In 1990, Lieberfarb started to collaborate with Philips on a next-generation disc format but was unimpressed with Philips’ MPEG-1 efforts.

Warren Lieberfarb (image credit: Media Play news)

Around that time, Hase and Lieberfarb met when they were both part of the negotiations that led to Toshiba buying a chunk of Time Warner. In April 1992, Hase, knowing Lieberfarb’s desire to develop a next-generation video disc, finagled a half-hour meeting with Lieberfarb to explain Toshiba’s development efforts. The 30 minutes in Lieberfarb’s Burbank offices stretched to six hours, then spilled over to dinner at LA’s famous Morton’s steakhouse. Lieberfarb told Hase what he and the Hollywood community wanted in a next-generation disc, and Hase promised he could deliver. The result was a partnership between Warner and Toshiba to develop a consumer digital video format code-named “Taz” after the studio’s Looney Tunes Tasmanian Devil character.

Back in Tokyo, Hase had Yamada consult with Matsushita engineers who had developed a dual-layer technology that would help solve disc capacity problems. In February 1993, Yamada demonstrated the fledgling Taz to Lieberfarb.

One problem: Yamada’s prototype wasn’t compatible with music CDs.

Lieberfarb went back to Philips, which owned core optical disc patents as the co-developer of the CD, to make it a DVD development threesome. But in early 1994, Philips decided to partner with Sony on a different digital video disc effort. Lieberfarb saw this defection as an attempt by Sony-Philips to steal the Warner-Toshiba technology, and the platform development war began.

Platform War

Without Philips, Yamada, working with Warner’s senior VP for technical operations, Chris Cookson, finished what was called Super Density disc (SD).

SD was a dual-layer disc, essentially two .6mm discs bonded together with clear glue to enable the laser to see through the top layer to the layer below. Each .6 mm disc could store 5 GB, which meant the dual-layer result held 10 GB. The bonding resulted in a disc-less subject to warping. Dual-sided play would eventually double the capacity.

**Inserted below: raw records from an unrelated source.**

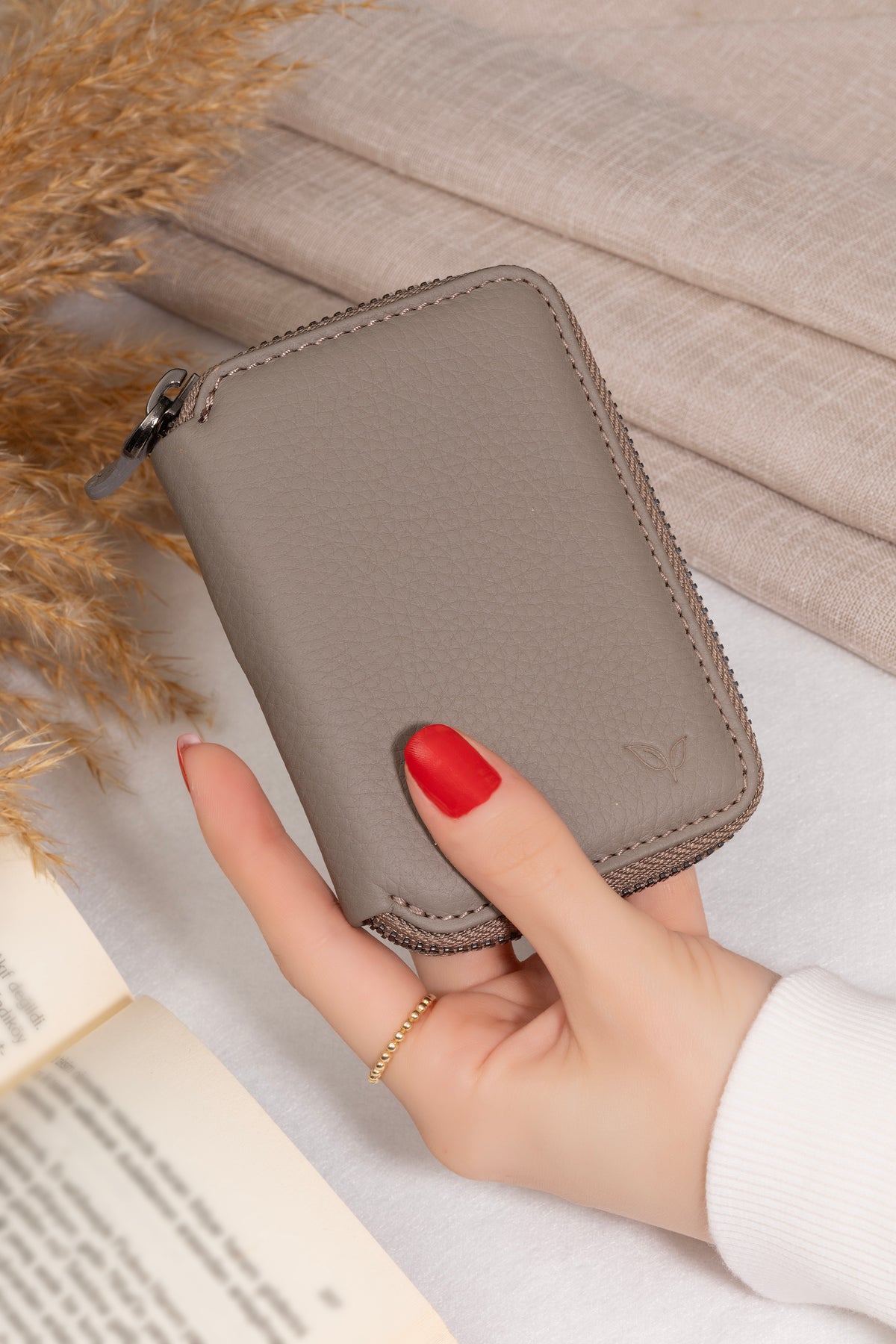 Zeas Zipped Wallet – Taupe, image 2
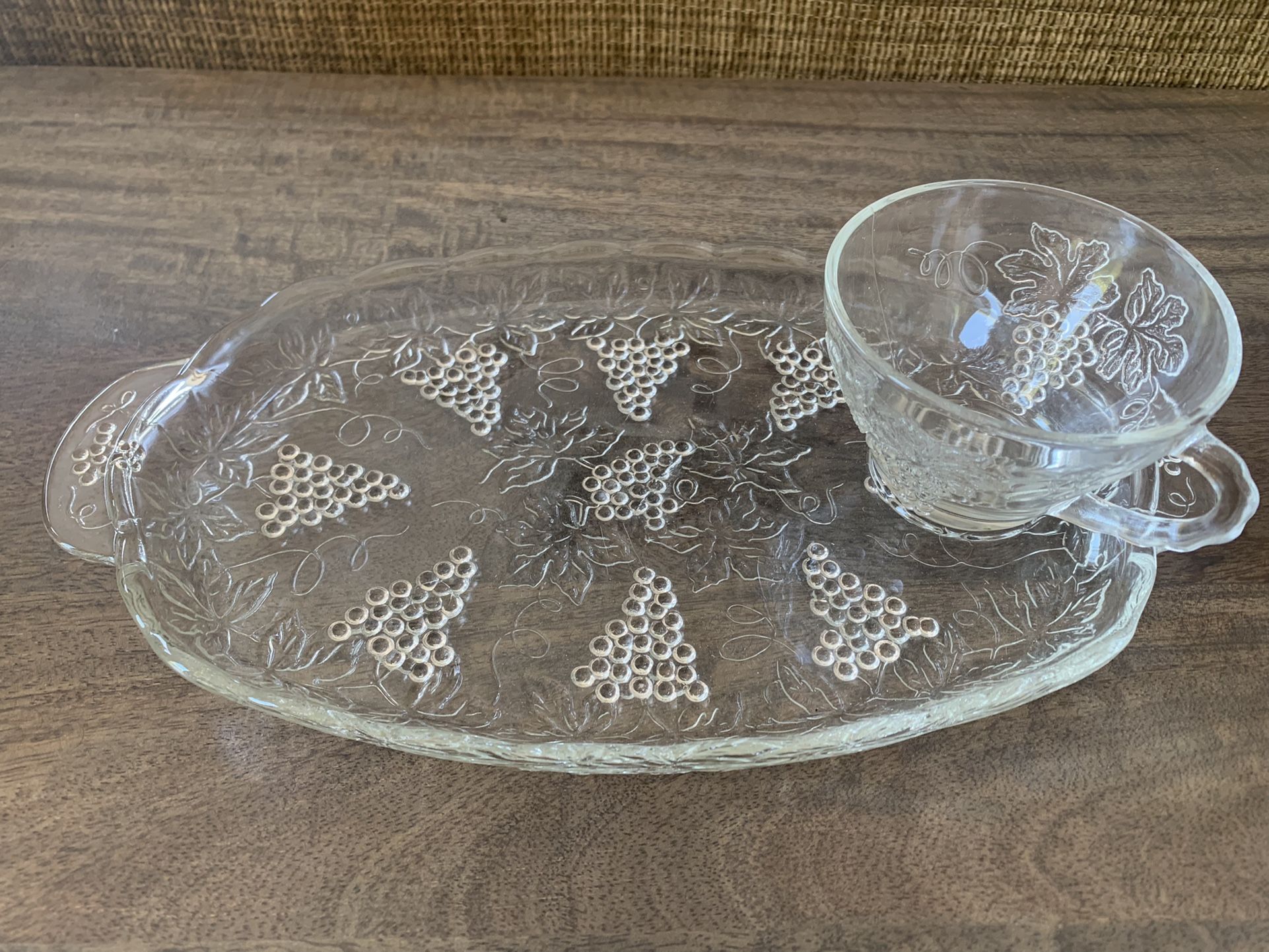 Set Of 4-Vintage Lunchin Plate And Cups-4 Plates,4cups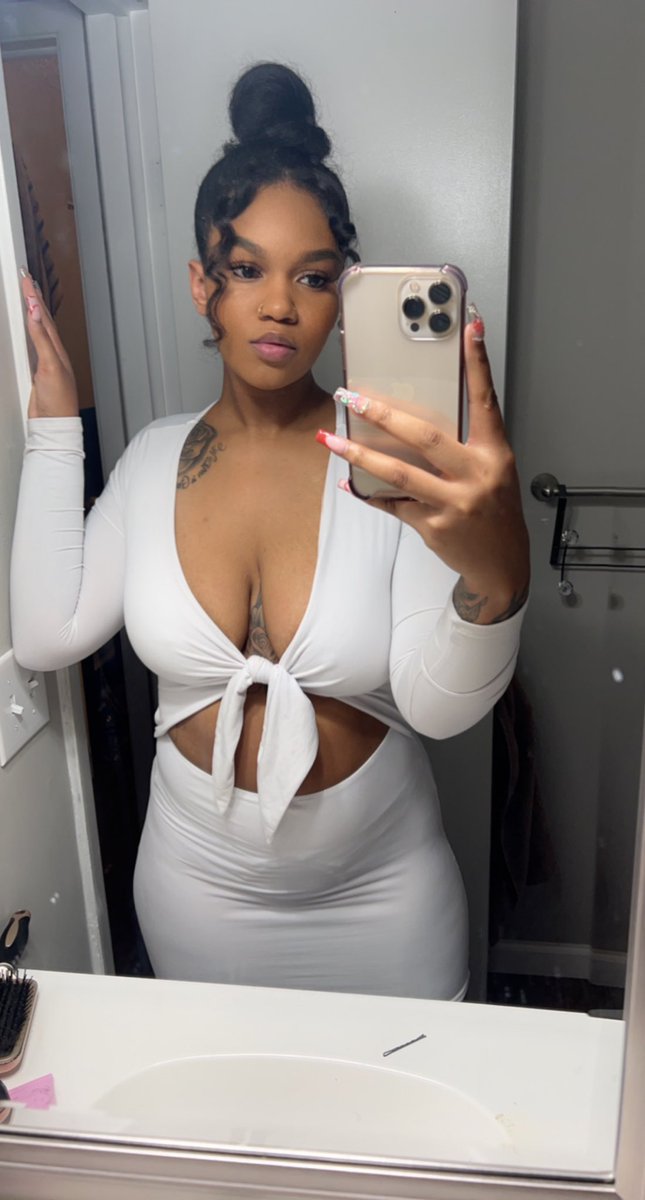 msinkyy's tweet photo. Brown skin, Pretty brown eyes 🤤 #brownskin #browneyes https://t.co/mdQtWhn9JP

Sony and Philips, meanwhile, came up with a single 1.2mm disc capable of holding 3.75 GB of digital video and began working with 3M to develop its own dual-layered technology.

In May 1994, hoping to cut the legs out from under the Sony-Philips effort, Lieberfarb formed the Digital Video Disc Advisory Committee, comprised of Disney, Time Warner, Sony Pictures, MCA, Paramount, MGM, and Viacom. On September 21, Lieberfarb’s committee released a 12-point list of performance requirements for what the movie studios wanted in a next-generation disc format, which included at least 135 minutes of playtime, room for three to five languages, multiple subtitles, multiple aspect ratios, Dolby Digital multi-channel sound, and a parental lockout feature.

SD complied with these stipulations. The Sony-Philips format did not.

Bell ringing

Alan Bell

Once Hase and Lieberfarb teamed up, Sony and Philips realized it needed a high-powered partner of its own. Optical disc recording also was a hot topic in the computer industry where only three letters mattered: IBM.

In the spring of 1994, Philips approached executives from IBM’s optical storage research facility in Tucson, AZ. IBM executive John Kulakowski was appointed point man for Big Blue, and enlisted the help of Dr. Alan Bell, a noted optical disc expert and, at the time, program manager in IBM’s Almaden Research Center and in San Jose.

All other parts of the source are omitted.